The notebook converts `observedVehicles` into veh/h using the interval duration. If you already have veh/h counts, keep `observedVehicles` equal to that value and set `observationEnd = observationStart + 1 hour`.


In [None]:
PROJECT_ROOT = Path.cwd().resolve().parent
SAMPLES_PATH = PROJECT_ROOT / 'data' / 'traffic_samples.jsonl'
COUNTS_PATH = PROJECT_ROOT / 'data' / 'field_counts.csv'  # update with your counts file
OUTPUT_PATH = PROJECT_ROOT / 'data' / 'calibrated_flow_models.csv'

print(f'Project root: {PROJECT_ROOT}')
print(f'Samples path: {SAMPLES_PATH}')
print(f'Counts path:  {COUNTS_PATH}')
print(f'Output path:  {OUTPUT_PATH}')


## Load travel-time samples
The poller writes JSON Lines where every row contains `durationSeconds`, `staticDurationSeconds`, and optional enrichment fields. We focus on the ratio between live and free-flow travel times.


In [None]:
samples = pd.read_json(SAMPLES_PATH, lines=True)
samples['requestedAt'] = pd.to_datetime(samples['requestedAt'], utc=True)
samples = samples.assign(
    durationSeconds=samples['durationSeconds'].astype(float),
    staticDurationSeconds=samples['staticDurationSeconds'].astype(float),
)
samples['durationRatio'] = np.where(
    (samples['staticDurationSeconds'] > 0) & (samples['durationSeconds'] > 0),
    samples['durationSeconds'] / samples['staticDurationSeconds'],
    np.nan,
)

print(f'Total samples loaded: {len(samples):,}')
samples.head()


## Load field counts
The counts CSV can contain multiple observations per segment. Ensure datetimes are parseable; they will be converted to timezone-aware timestamps (UTC).


In [None]:
counts = pd.read_csv(COUNTS_PATH)
datetime_columns = [col for col in ['observationStart', 'observationEnd'] if col in counts.columns]
for col in datetime_columns:
    counts[col] = pd.to_datetime(counts[col], utc=True)

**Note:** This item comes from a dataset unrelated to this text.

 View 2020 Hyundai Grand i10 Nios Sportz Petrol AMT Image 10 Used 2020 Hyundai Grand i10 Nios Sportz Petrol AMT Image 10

if 'observedVehicles' not in counts.columns:
    raise ValueError('Counts CSV must include an `observedVehicles` column (vehicle totals or veh/h).')

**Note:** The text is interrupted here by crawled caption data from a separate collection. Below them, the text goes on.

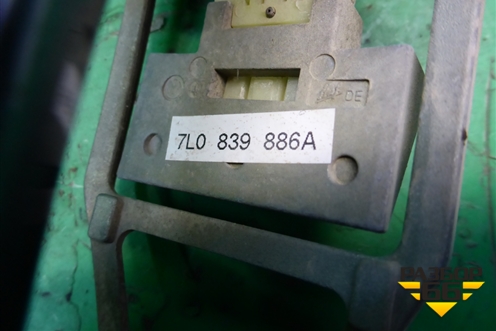 Ручка наружная двери задней правой (7L0839886A) для Volkswagen Touareg c 2002-2010г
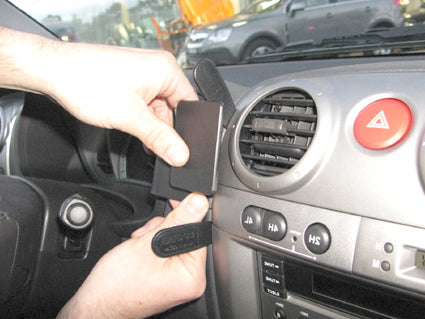 Brodit ProClip 854473 - Isuzu D-Max 2008-2012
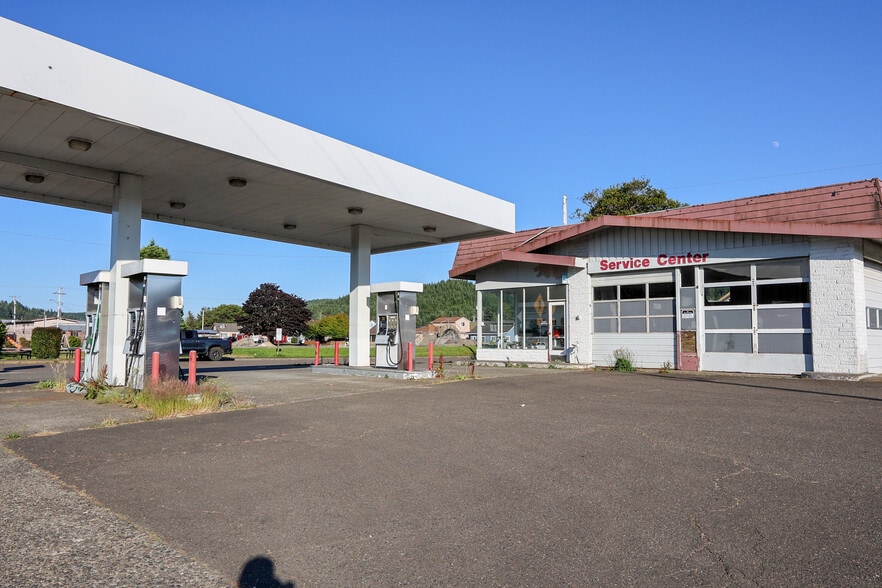 More Photos Of 2118 Winchester Ave, Reedsport Convenience Store For Sale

if 'capacityGuessVph' not in counts.columns:
    counts['capacityGuessVph'] = np.nan

if {'observationStart', 'observationEnd'}.issubset(counts.columns):
    duration_seconds = (counts['observationEnd'] - counts['observationStart']).dt.total_seconds()
    counts['observedFlowVph'] = np.where(
        duration_seconds > 0,
        counts['observedVehicles'] * 3600.0 / duration_seconds,
        counts['observedVehicles'],
    )
else:
    print('No observationStart/End columns found; treating `observedVehicles` as veh/h input.')
    counts['observedFlowVph'] = counts['observedVehicles']

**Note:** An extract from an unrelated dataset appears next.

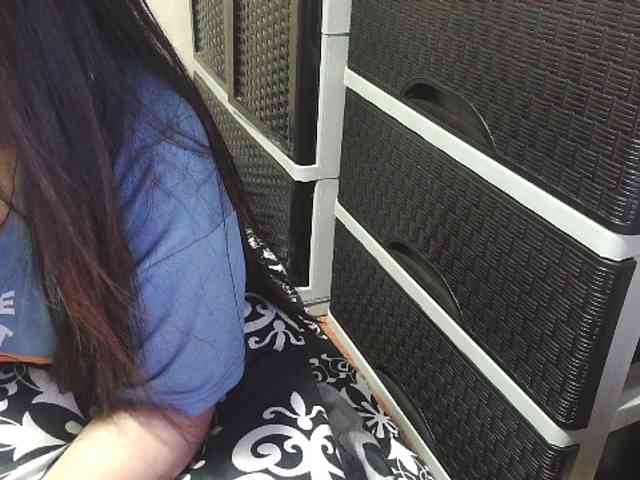 Cassiee webcam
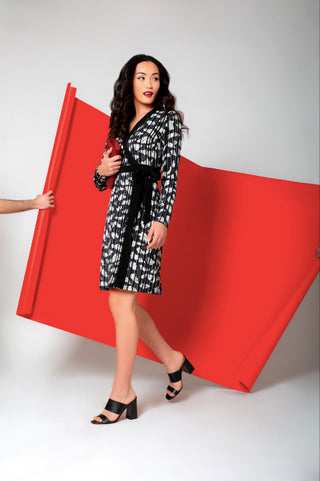 Vestido envelope feminino Leota Kara manga longa preto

print(f'Field counts loaded: {len(counts):,}')
counts.head()


## Align counts with travel-time samples
For each field observation, gather the travel-time samples collected within the same interval. You can adjust the `window_pad_minutes` parameter if you need to expand the matching window slightly.


In [None]:
window_pad_minutes = 0  # increase (e.g. 5) if you want to include samples just outside the interval
pad = pd.Timedelta(minutes=window_pad_minutes)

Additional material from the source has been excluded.